Was it Freaky Friday all of a sudden? Had Vee and I switched bodies in the attic? “Do you hear yourself? You’re supposed to be the logical one. What you’re suggesting—you know it’s impossible.”
I expected her to answer defensively. Instead, she lifted her chin, her posture strong and confident as she replied, “This isn’t about what I know. It’s about what I feel, deep inside. It’s about my destiny.”
“You make your own destiny in this world. You can be anything, do anything.”

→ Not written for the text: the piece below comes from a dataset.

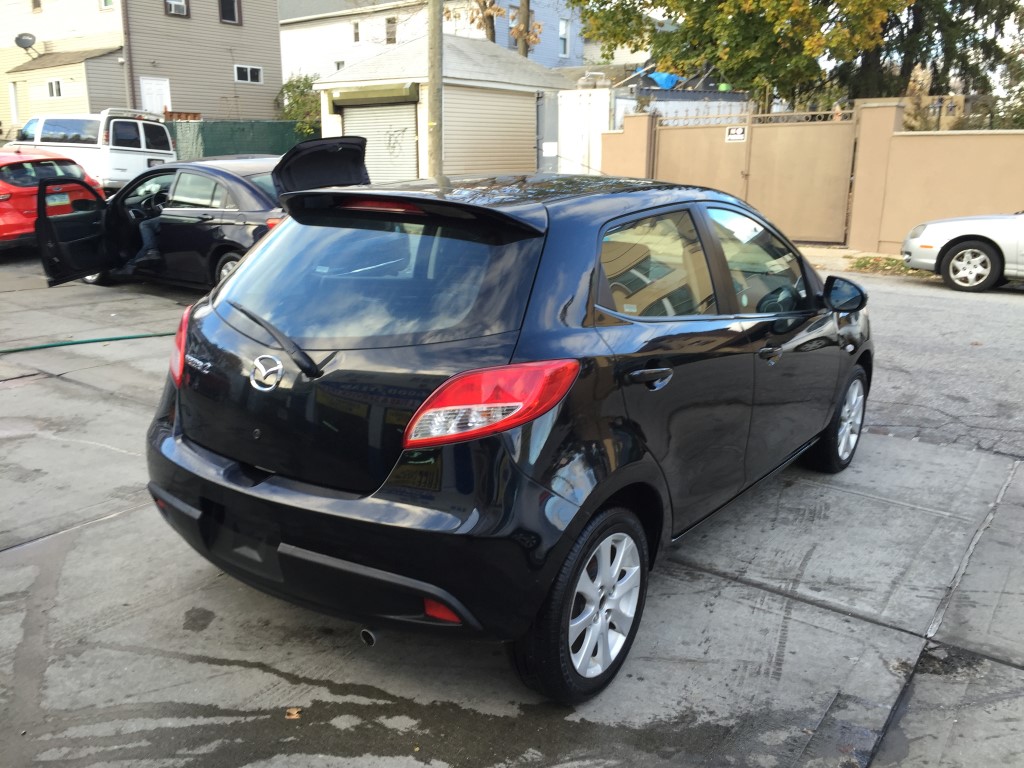 Used - Mazda Mazda2 Touring Hatchback for sale in Staten Island NY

“Then I choose to believe in Doon.” With a deliberate step onto the bridge, Vee disappeared from the lamplight. As if someone cued spooky special effects, tendrils of mist began to curl over the sides of the Brig o’ Doon from the riverbank below.
In the darkness, I could hear her measured tread on the stones. While I waited, the mists swirled and thickened, devouring the bridge until Vee’s footsteps became muffled and then vanished altogether. Had she paused halfway across?

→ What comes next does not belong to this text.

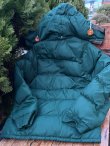 画像2: EASTERN MOUNTAIN SPORTS 1980'S DOWN JACKET WITH HOOD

“Vee? Quit messing around.”
The silence was as dense as the curtain of fog that’d sprung up out of nowhere.
“Vee?”
“Kenna?” She sounded miles away, but I would’ve recognized her panic at any distance.
“Hold on. I’m coming!” Using the wall as a guide, I began walking carefully across the bridge. After a few steps, I lost all sense of relative space. Realizing I could easily pass her in the oblivion, I called her name.
Her reply, while still distorted, sounded closer. “Here—”
I shuffled blindly forward, hands thrust in front of me. “Where are you?”
“I’m here.” Her voice reverberated stage left. Turning in that direction, I stepped toward the center of the bridge. At first there was nothing but impenetrable mist, and then a disembodied hand reached for me. Vee’s hand. Only it glowed blood red—like something from a horror movie. And mine, the hand that reached for hers, burned alien green.
“Ken!” Vee gasped. She pulled me closer until we could see one another clearly in the strange light. “Look!” She lifted our intertwined hands, our rings blazing between our bodies. “This enough proof for you?”
Too much. My lungs burned as my body went momentarily catatonic. I sucked in a shaky breath, wondering at the wheezy sounds coming from my throat. “This is not happening.”
She met my eyes above the glowing rings. “I know you don’t want to believe in anything you can’t see or touch. I’m scared too. But we’re supposed to see this through. I know we are. Do you trust me?”
I wanted to say no, but Vee’s certainty in the midst of the creepiness compelled me to admit the truth. “Yes.”
“Try to believe.” When I nodded, she let go of my hand. “Put your palm against mine.”
As soon as our rings touched, they glowed impossibly bright, like stage spots. Soon the red and green fused into a brilliant white beam that refracted through the mist like a prism. Fear kicked my heart into overdrive as I closed my eyes against the onslaught of blinding light.
Vee’s voice, perfectly calm and clear as a bell, spoke reassuringly in my ear. “It’s going to be okay.”
Then the light vanished. In its absence, spots floated across my vision. Breaking my connection with Vee, I stepped back to examine my ring. To my great relief, it wasn’t glowing green. It looked deceptively normal—like an antique handed down by a relative. Nothing more.
After a moment of contemplation, Vee said quietly, “I suppose you’re going to tell me you didn’t see that.”
“No.” Something had definitely happened. But even if our rings lit up like Christmas, it hadn’t changed anything.
“You see?” Her reverent tone held no accusation as she spoke. “The rings are special.”
“But it doesn’t mean Doon is real. We’re still lost in the fog on an old bridge in the middle of the night. In Alloway.”